Problem details: Pictures are to be left out. Return exactly the lines below from the one with "Hello everyone, welcome back" up to and including the one with "Now I have a".

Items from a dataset
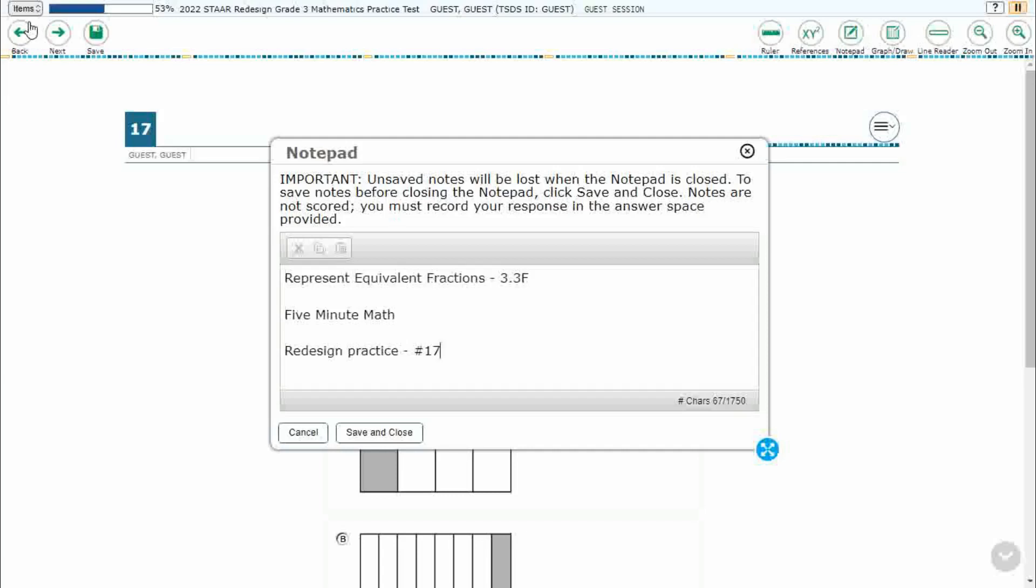Hello and welcome to 5-Minute Math. Today we are looking at the third grade concept of representing equivalent fractions. This is standard 3.3F in the great state of Texas and we are using item number 17 off the redesigned practice online STAAR test.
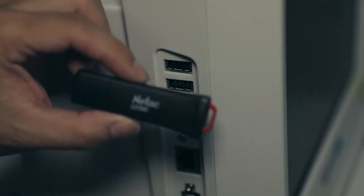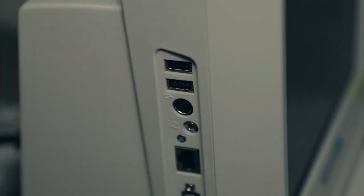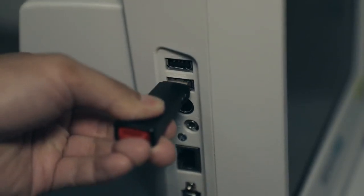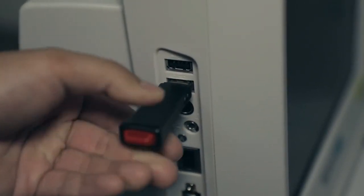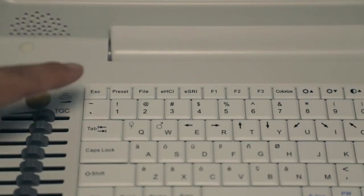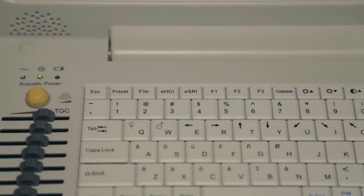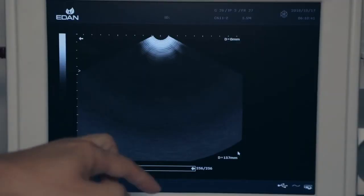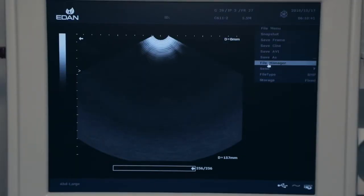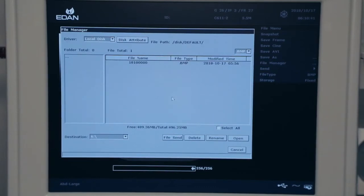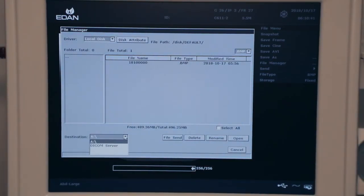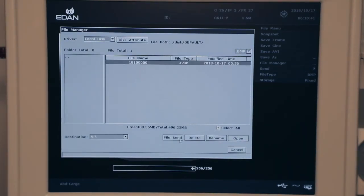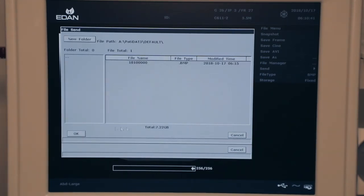To transfer images, connect USB to USB port on the side of the unit. Press file key, highlight file manager using trackball and press set. On file manager display, select a drive under destination, highlight all images to be transferred, and press file send.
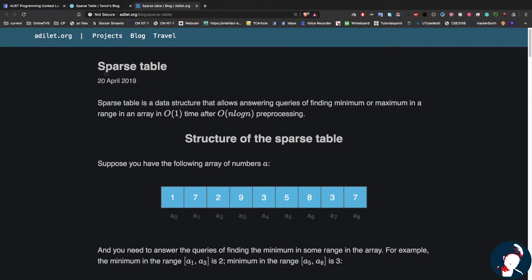Hello everyone, this is Dipta Das. Today I'll be trying to learn sparse table. Along the way I'll be sharing my thought process, so I'll be learning as well and it will be beneficial for you too.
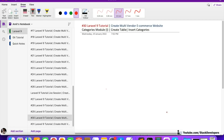Hello everyone, welcome to part 30 of the Laravel 9 series in which we are creating the multi-vendor e-commerce website. We have finally finished the sections module and are going to start working on the categories module.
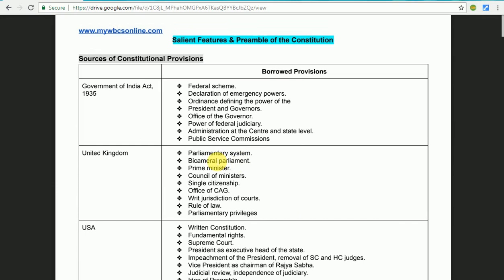We are going to start with the constitution. The constitution itself has got the permission. This is the Indian Constitution feature, and the constitution is going to be very useful. You can see the table.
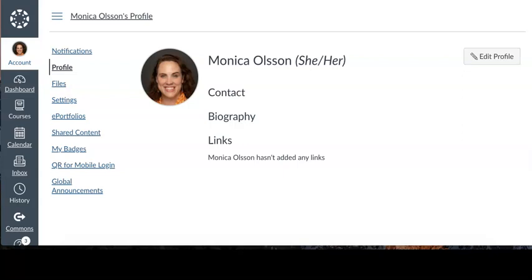Hello there! This video is to show you how to turn on the Immersive Reader application and functionality inside your Canvas profile and account.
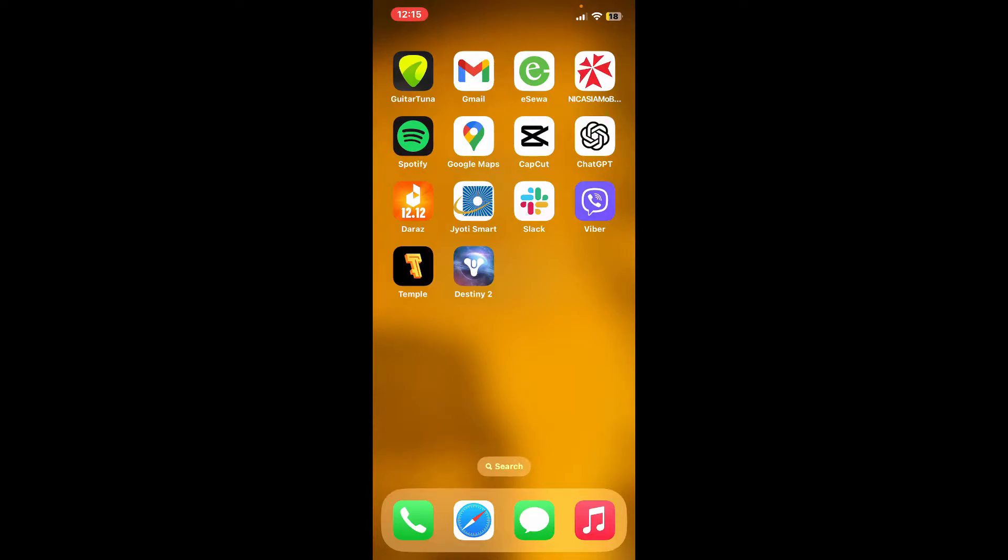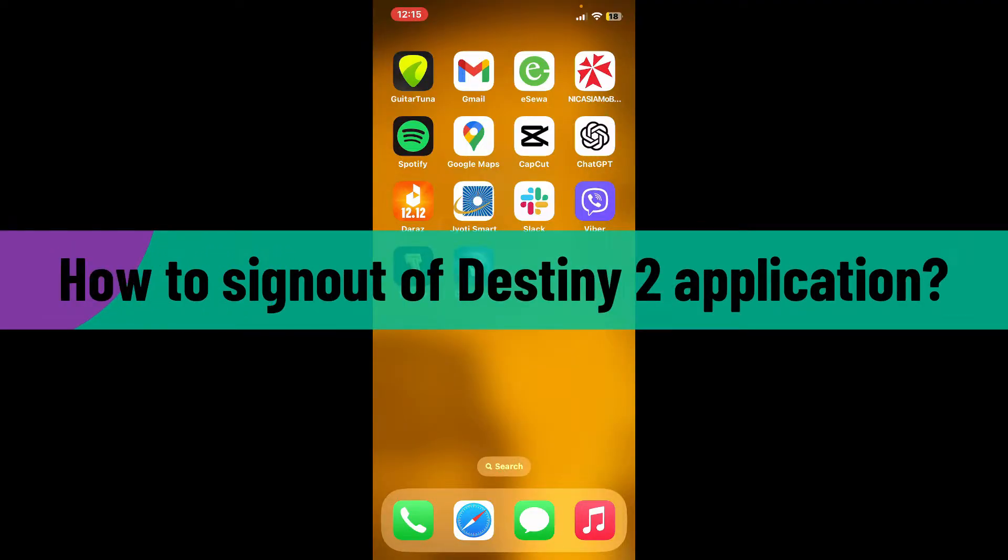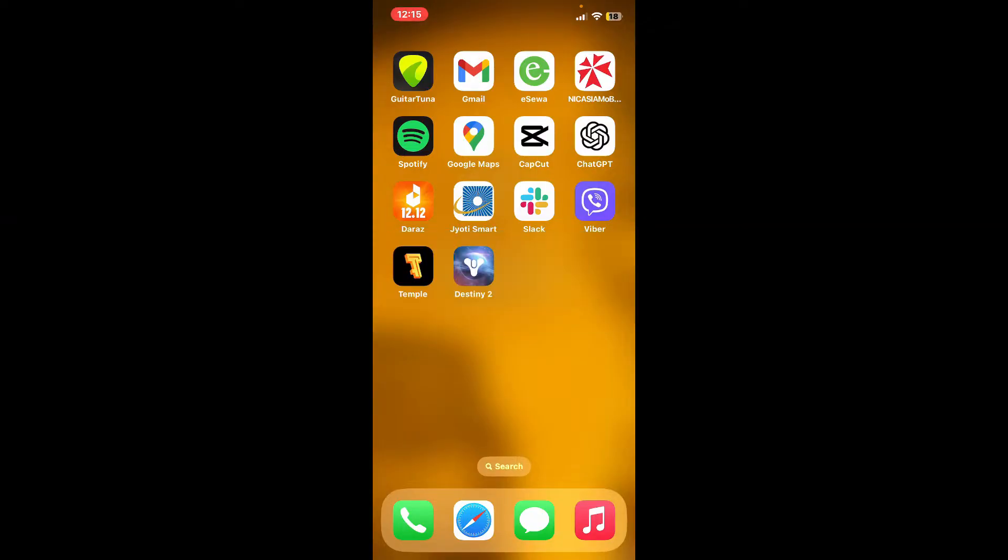Hello everyone, welcome back to another video from Gaming Basics. In today's episode, I'm going to be showing you how to sign out or log out of the Destiny 2 application. So without further ado, let's get straight into the video.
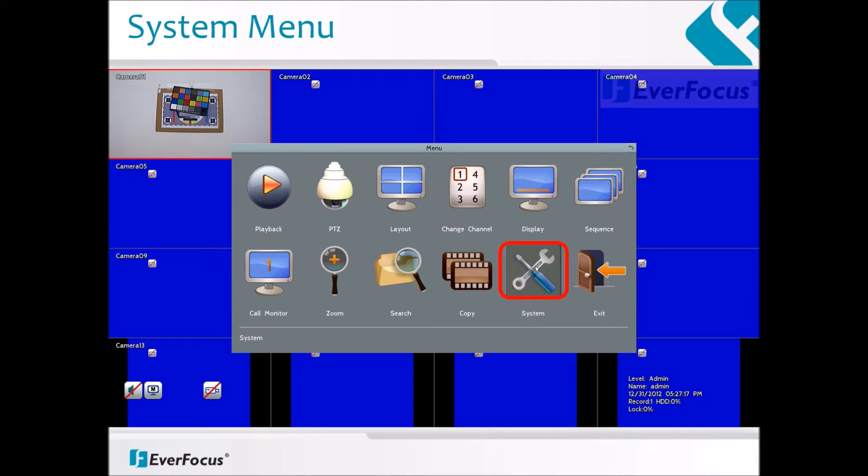Once logged in, use the mouse and right click on the mouse button so that it brings up the menu screen. In the menu, click on the system icon.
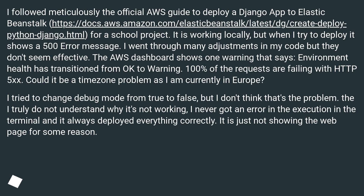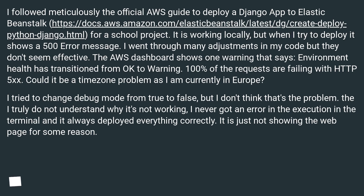I tried to change debug mode from true to false, but I don't think that's the problem. I truly do not understand why it's not working. I never got an error in the execution in the terminal and it always deployed everything correctly — it is just not showing the web page for some reason.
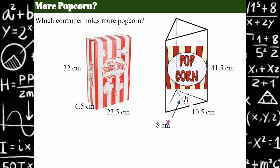Now I have a real-world problem for you. I have a popcorn box and how much popcorn it holds is volume, and I have a triangular prism for popcorn. You are the movie theater owner who wants to determine which container holds the least amount of popcorn so you can make the most money. Find the volume of each and determine which holds more popcorn. Please pause and come back when you're ready.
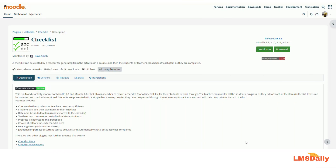Hello friends, welcome to lmsdly.com. In today's episode, I will be showing you about the Checklist Moodle plugin. The Checklist Moodle plugin is a very popular plugin in the Moodle plugins directory and it has been downloaded more than a thousand times as you can see on the screen. The plugin allows a teacher to create a checklist which the students need to tick off as they go through the course activities and resources in order to mark their own progress. This can be very helpful for the students to track their own progress.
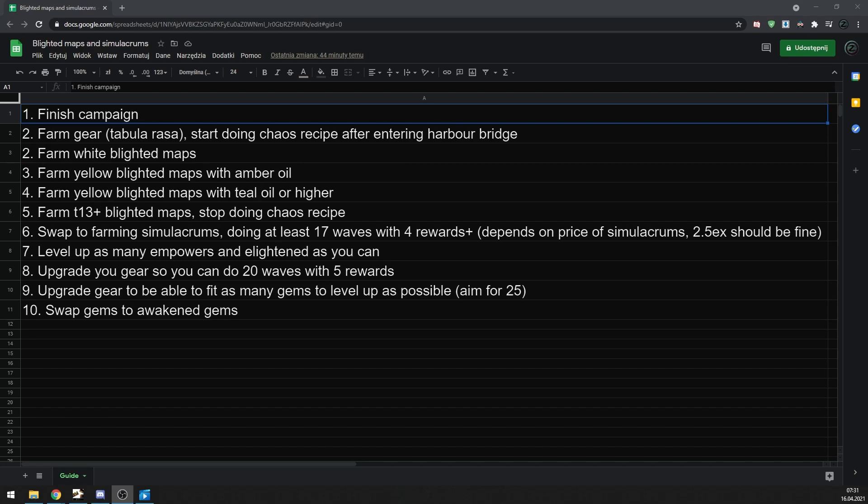Obviously, that requires pretty specific build that can handle all of 20 simulacrum waves, while at the same time can fit 25 gems. But my Toxic Rain build is capable of doing just that. In the description of the video I included two Path of Building links, one to the character that I had when I swapped to simulacrums from blighted maps, and second one with endgame gear that can fit 25 gem slots.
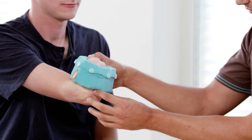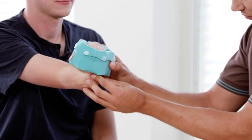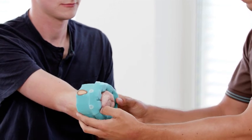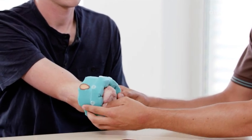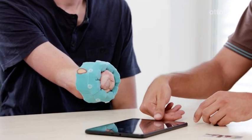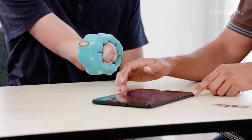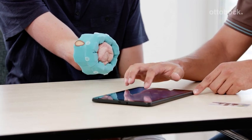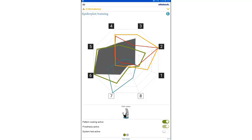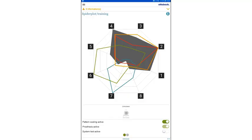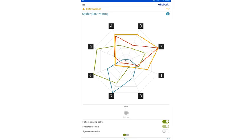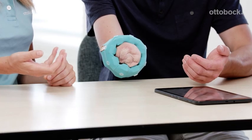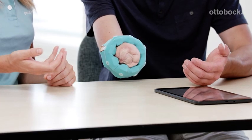The Myo Cuff, a flexible electrode cuff that is applied quickly and easily, is used to determine if Myo Plus is suitable for the user. This step-by-step guide shows how the Myo Cuff and the Myo Plus app are set up to evaluate the user's individual movement patterns.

Expected output:
Hello everyone, welcome back to another video from Gaming Basics. In today's episode, I'm going to be showing you how to sign out or log out of the Destiny 2 application. So without further ado, let's get straight into the video.
Once logged in, use the mouse and right click on the mouse button so that it brings up the menu screen. In the menu, click on the system icon.
I tried to change debug mode from true to false, but I don't think that's the problem. I truly do not understand why it's not working. I never got an error in the execution in the terminal and it always deployed everything correctly — it is just not showing the web page for some reason.
Now I have a real-world problem for you. I have a popcorn box and how much popcorn it holds is volume, and I have a triangular prism for popcorn. You are the movie theater owner who wants to determine which container holds the least amount of popcorn so you can make the most money. Find the volume of each and determine which holds more popcorn. Please pause and come back when you're ready.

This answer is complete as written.